8. The informant has further stated at para-5 of his evidence that the kerosene oil is distributed on the orders and in presence of the Vigilance Committee. The evidence of the President and Members of the Vigilance Committee is relevant to be noticed. The D.W.2, who is the President of the Vigilance Committee has deposed that the 700 liters of the kerosene oil was distributed by the appellant on two dates i.e. 7.4.86 and 8.4.86 in the presence of him and the members of the Vigilance Committee. The D.W. 3 who is a Member of the Vigilance Committee has also testified that the 700 liters of the kerosene oil had been distributed by the appellant on 7.4.86 and 8.4.86 in his presence. The D.W.1 who is a villager has testified that he had purchased two liters of kerosene oil on 7.4.86 from the appellant. The defence has proved the distribution register (Ext.C) which mentions the signature and L.T.I. of the villagers to whom the 700 liters of kerosene oil had been distributed on sell and the register also mentions the signatures of the resident and members of the Vigilance Committee out of whom the D.Ws. 2&3 have deposed before this court that distribution was made in their presence. Considering this evidence. I find that the prosecution story that the appellant did not sell the 700 liters of the kerosene oil to the ration card holder is not believable.

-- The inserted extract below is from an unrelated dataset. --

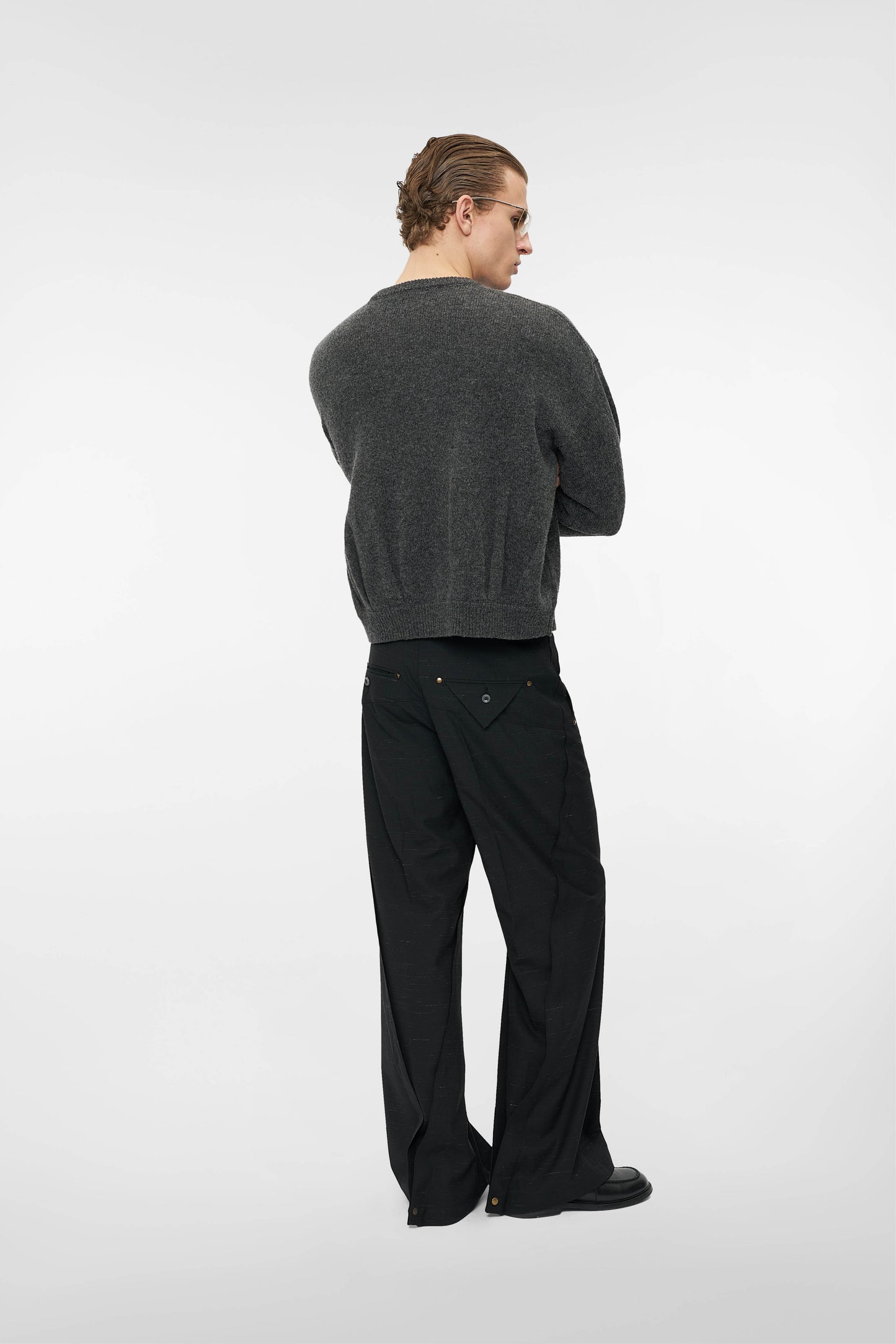 DRAPE KNIT in charcoal mélange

9. The informant deposed at para-2 of his evidence that he had seized the kerosene oil register and stock register. The I.O. (P.W.2) at para-1 also deposed that he had recorded the statement of the informant and he had also seized some register given by the informant. Thus, admittedly according to the prosecution case the appellant's register was seized by the informant which was given to the I.O. During trial the prosecution did not produce any such register. The learned A.P.P. could not give any satisfactory reply about non-production of the register seized by him. In such view of the matters an adverse inference has to be drawan against the case of the prosecution that the register if produced would have gone against the case of the prosecution, hence, it was not produced by the prosecution.
10. Thus, considering the evidence brought by the prosecution and also considering the evidence put forth by the defence, I find that the prosecution case is highly doubtful and prosecution has not been able to bring whom the charges levelled against the accused. Therefore the appellant is acquitted of the charges. Accordingly, the order of conviction as passed by the learned Special Judge is hereby set aside. The appeal is allowed. The appellant is discharged from his liability.